— Aim of the exercise —
Reproduce the top of the data verbatim, through and including the line that contains "Plans and Permissions".

______________________________

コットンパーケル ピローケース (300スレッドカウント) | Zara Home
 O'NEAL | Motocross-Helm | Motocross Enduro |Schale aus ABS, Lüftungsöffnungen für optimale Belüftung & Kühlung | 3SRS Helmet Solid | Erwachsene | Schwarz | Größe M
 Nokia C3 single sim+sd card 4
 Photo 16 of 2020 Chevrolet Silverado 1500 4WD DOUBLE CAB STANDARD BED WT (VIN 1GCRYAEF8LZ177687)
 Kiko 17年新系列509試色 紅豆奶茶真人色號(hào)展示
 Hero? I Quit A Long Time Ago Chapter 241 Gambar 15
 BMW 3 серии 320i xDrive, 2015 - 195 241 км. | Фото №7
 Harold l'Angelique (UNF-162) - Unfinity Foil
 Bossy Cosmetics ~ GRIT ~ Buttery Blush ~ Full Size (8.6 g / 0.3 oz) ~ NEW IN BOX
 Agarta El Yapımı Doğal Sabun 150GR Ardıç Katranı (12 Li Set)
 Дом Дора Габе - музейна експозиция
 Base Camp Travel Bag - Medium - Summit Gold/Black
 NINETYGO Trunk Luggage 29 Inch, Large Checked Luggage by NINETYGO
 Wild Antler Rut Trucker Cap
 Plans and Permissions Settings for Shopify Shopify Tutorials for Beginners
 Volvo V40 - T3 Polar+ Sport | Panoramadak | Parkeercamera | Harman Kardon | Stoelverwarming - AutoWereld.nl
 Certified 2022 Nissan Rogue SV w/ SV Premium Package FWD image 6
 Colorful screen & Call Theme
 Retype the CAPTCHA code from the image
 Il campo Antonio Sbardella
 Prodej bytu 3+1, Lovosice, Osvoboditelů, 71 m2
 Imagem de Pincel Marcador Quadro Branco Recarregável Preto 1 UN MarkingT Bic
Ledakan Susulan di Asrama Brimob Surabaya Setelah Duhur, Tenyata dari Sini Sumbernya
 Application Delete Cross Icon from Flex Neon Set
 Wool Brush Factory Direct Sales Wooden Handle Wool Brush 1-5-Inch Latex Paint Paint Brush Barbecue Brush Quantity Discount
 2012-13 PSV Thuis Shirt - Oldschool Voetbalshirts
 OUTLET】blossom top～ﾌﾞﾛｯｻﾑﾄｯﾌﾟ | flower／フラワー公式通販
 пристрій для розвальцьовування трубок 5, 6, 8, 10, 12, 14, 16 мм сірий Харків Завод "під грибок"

______________________________

— Answer for the task —
コットンパーケル ピローケース (300スレッドカウント) | Zara Home
 O'NEAL | Motocross-Helm | Motocross Enduro |Schale aus ABS, Lüftungsöffnungen für optimale Belüftung & Kühlung | 3SRS Helmet Solid | Erwachsene | Schwarz | Größe M
 Nokia C3 single sim+sd card 4
 Photo 16 of 2020 Chevrolet Silverado 1500 4WD DOUBLE CAB STANDARD BED WT (VIN 1GCRYAEF8LZ177687)
 Kiko 17年新系列509試色 紅豆奶茶真人色號(hào)展示
 Hero? I Quit A Long Time Ago Chapter 241 Gambar 15
 BMW 3 серии 320i xDrive, 2015 - 195 241 км. | Фото №7
 Harold l'Angelique (UNF-162) - Unfinity Foil
 Bossy Cosmetics ~ GRIT ~ Buttery Blush ~ Full Size (8.6 g / 0.3 oz) ~ NEW IN BOX
 Agarta El Yapımı Doğal Sabun 150GR Ardıç Katranı (12 Li Set)
 Дом Дора Габе - музейна експозиция
 Base Camp Travel Bag - Medium - Summit Gold/Black
 NINETYGO Trunk Luggage 29 Inch, Large Checked Luggage by NINETYGO
 Wild Antler Rut Trucker Cap
 Plans and Permissions Settings for Shopify Shopify Tutorials for Beginners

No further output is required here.